Amran diam sejenak. Raut wajahnya berubah seakan memikirkan sesuatu. Tiba-tiba ia teringat istilah anak-anak ”breaker” saat dirinya remaja era 80-an di kampungnya di Bone, pelosok Sulawesi Selatan.

Agar bisa berkomunikasi dalam frekuensi yang sama, masing-masing lawan kontak bicara harus kompromi: disana “turun satu” dan disini “naik satu”.

Setelah mendengar dan menganalisa keinginan kedua pihak, Amran menempuh “jalan tengah”. Ia kemudian memutuskan harga singkong dipatok Rp 1.350 per kg. Tok. Keputusan ini berlaku secara nasional mulai, Jumat (31/1/2025).

Sontak petani bersorak. “Turun Rp 50 tak mengapa yang penting bisa diserap,” teriak mereka. Pihak pengusaha juga menerima. Tapi mereka ajukan syarat tambahan: pemerintah harus menyetop impor tapioka. Saat itu juga Amran langsung mengontak koleganya Menteri Perdagangan Budi Santoso. “Mendag sudah setuju stop impor tapioka,” kata Amran.

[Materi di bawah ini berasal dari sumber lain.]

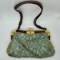 Valentino Garavani Seafoam Green Blue Crystal Jewel Wood Frame Vintage Evening Bag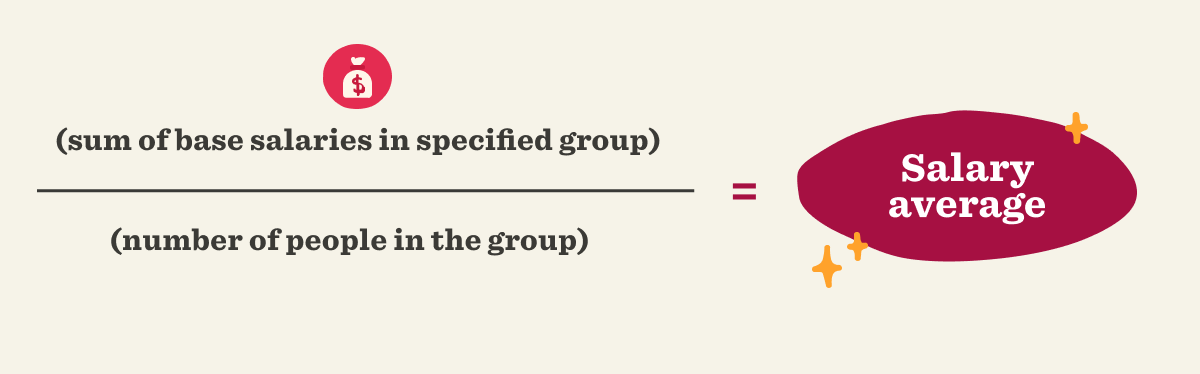 (sum of base salaries in specified group) divided by (number of people in the group) equals Salary average, salary calculation, salary average formula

Tak lupa Amran mengingatkan bahwa keputusan ini harus dijalankan oleh semua pihak, baik petani maupun industri. Jika ada industri yang melanggar kesepakatan maka dikenakan sanksi tegas.

“Kalau ada industri yang melarang harga ini, kami akan beri sanksi. Jangan main-main! Saya bapaknya petani dan industri singkong. Jangan ada yang melanggar komitmen. Industri harus untung, petani harus tersenyum,” ujarnya.

Negeri Singkong

Singkong boleh dibilang komoditas hajat hidup orang banyak di Lampung dan daerah lainnya di Indonesia. Bahkan sejak dulu, Indonesia dikenal sebagai salahsatu negara penghasil singkong terbesar di dunia.

Berlimpahnya produksi singkong di Nusantara, memicu kreativitas masyarakat untuk mengolahnya. Salah satunya menjadi kerupuk.

Dalam catatan Sejarah, singkong atau yang disebut juga sebagai ketela dikenalkan pertama kali oleh bangsa Portugis pada sekitar abad ke-15 dan 16. Meski umbi-umbian yang satu ini sejatinya berasal dari wilayah Amerka Selatan.